* _Study material_
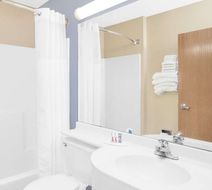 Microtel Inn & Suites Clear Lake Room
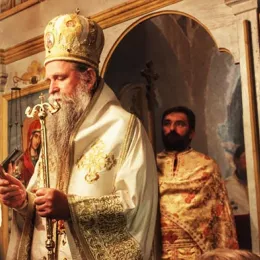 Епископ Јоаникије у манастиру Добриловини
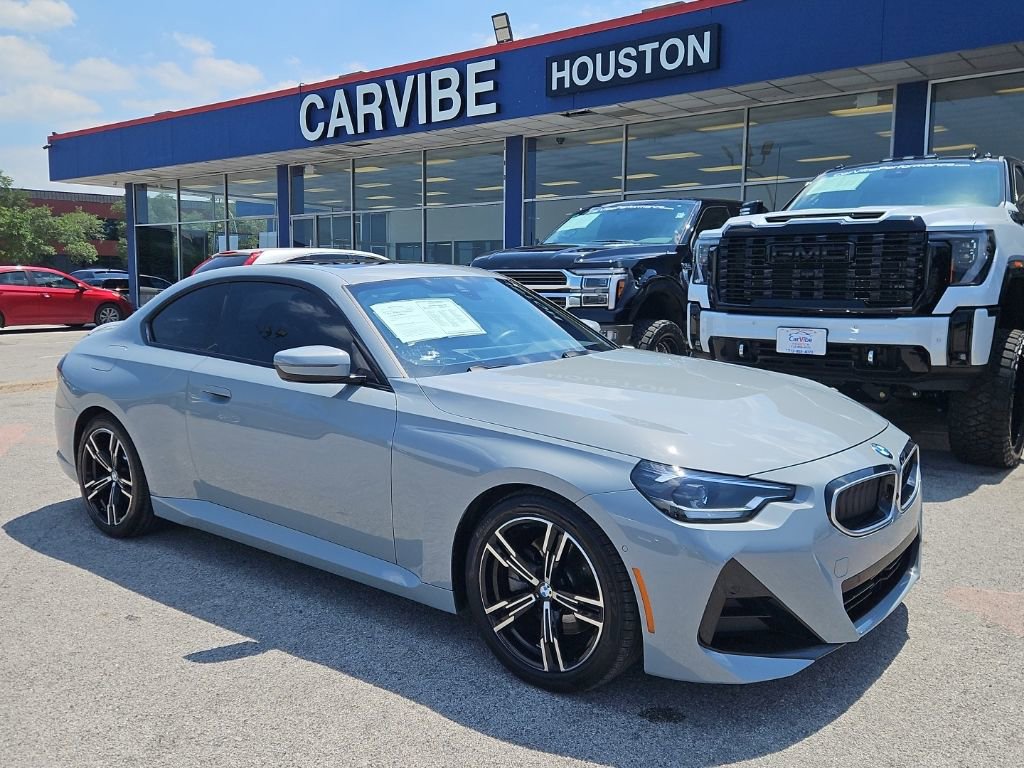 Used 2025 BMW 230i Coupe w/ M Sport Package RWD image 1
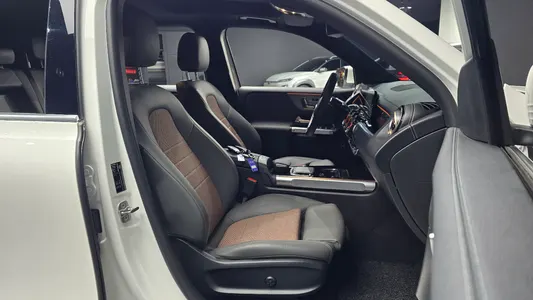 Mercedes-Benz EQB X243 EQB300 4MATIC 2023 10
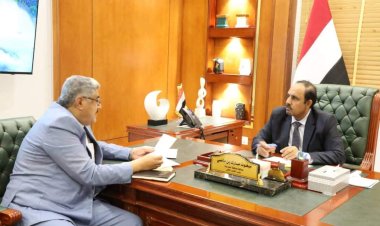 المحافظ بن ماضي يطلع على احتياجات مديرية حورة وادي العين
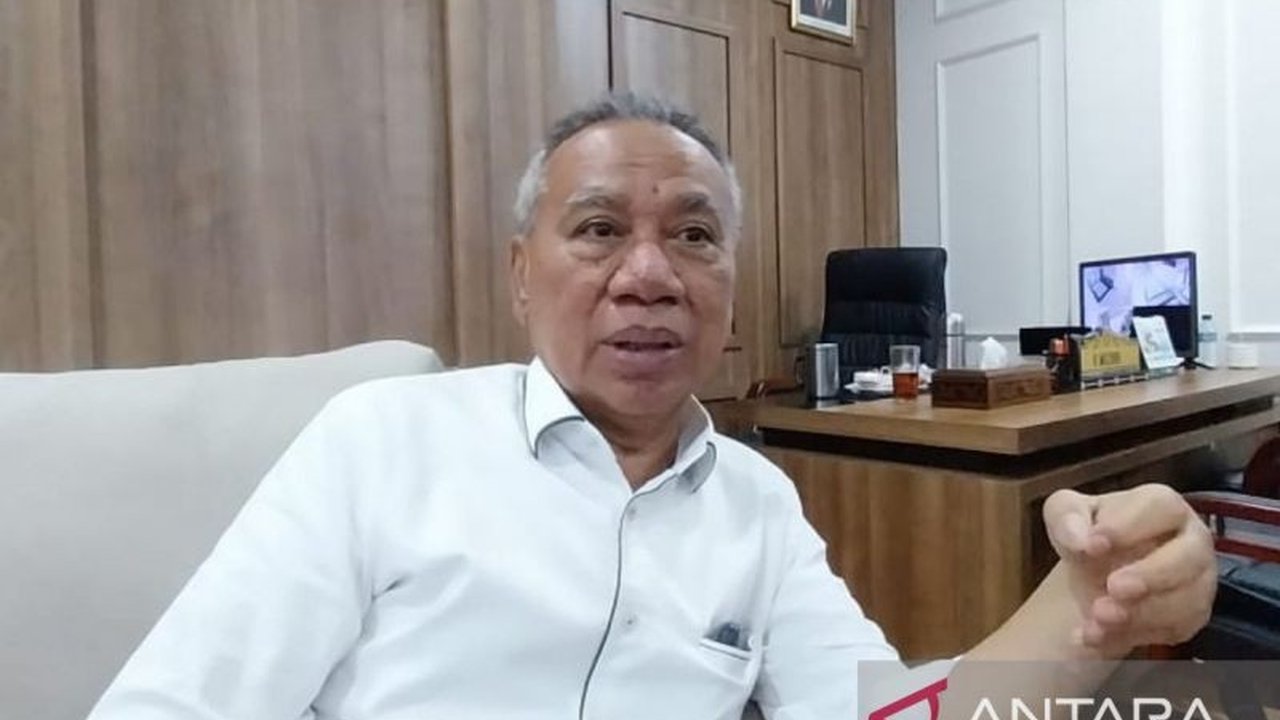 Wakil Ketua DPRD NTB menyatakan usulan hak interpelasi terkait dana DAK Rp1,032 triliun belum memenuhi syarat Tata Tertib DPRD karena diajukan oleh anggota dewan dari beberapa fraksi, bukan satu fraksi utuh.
==
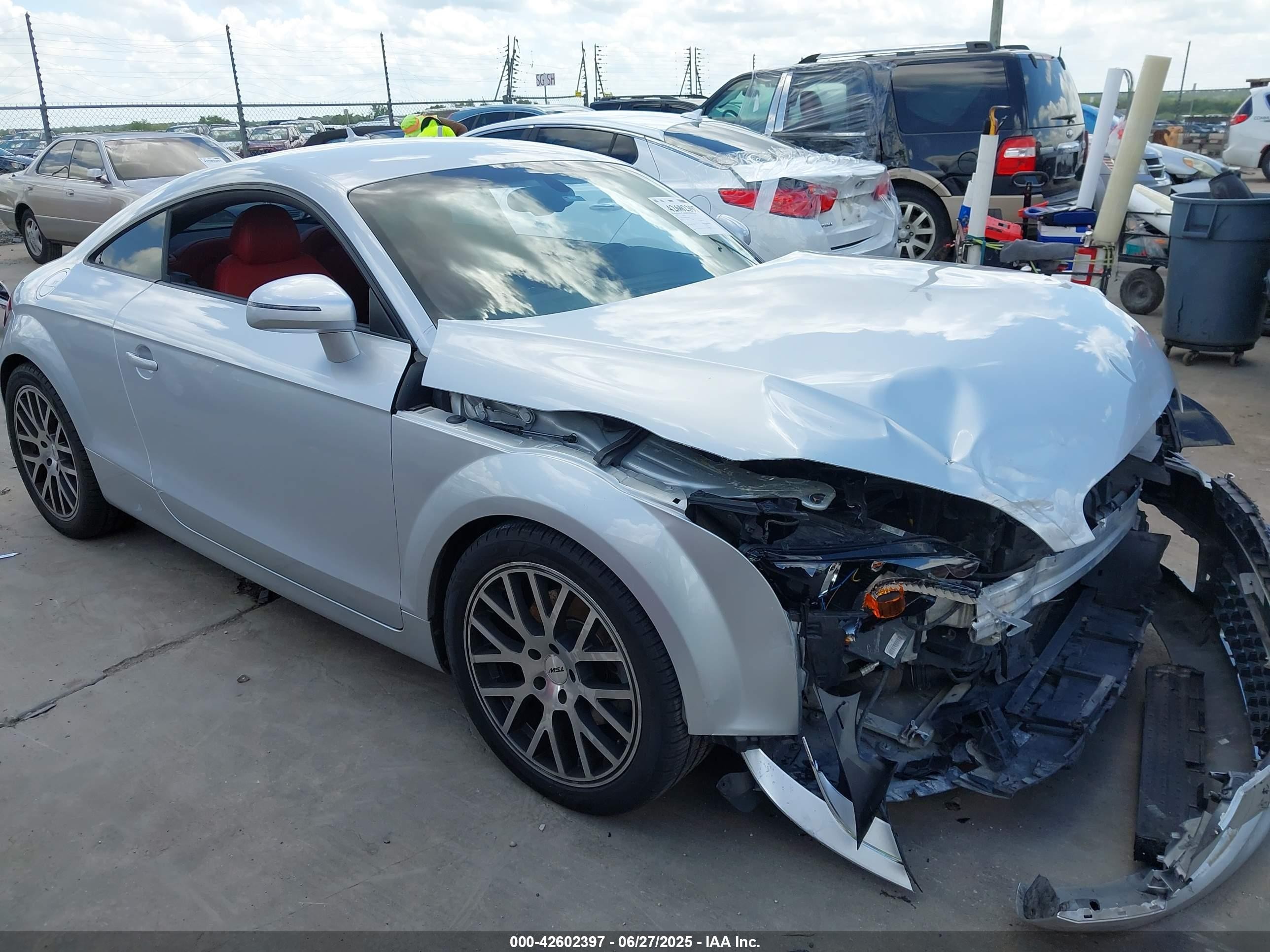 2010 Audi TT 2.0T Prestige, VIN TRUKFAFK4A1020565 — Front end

* _What is expected_
Starting at the line above with "Microtel Inn & Suites Clear Lake Room", output every line exactly up to and including the line with "Wakil Ketua DPRD", but none of the pictures.

* _Solution to this task_
 Microtel Inn & Suites Clear Lake Room
 Епископ Јоаникије у манастиру Добриловини
 Used 2025 BMW 230i Coupe w/ M Sport Package RWD image 1
 Mercedes-Benz EQB X243 EQB300 4MATIC 2023 10
 المحافظ بن ماضي يطلع على احتياجات مديرية حورة وادي العين
 Wakil Ketua DPRD NTB menyatakan usulan hak interpelasi terkait dana DAK Rp1,032 triliun belum memenuhi syarat Tata Tertib DPRD karena diajukan oleh anggota dewan dari beberapa fraksi, bukan satu fraksi utuh.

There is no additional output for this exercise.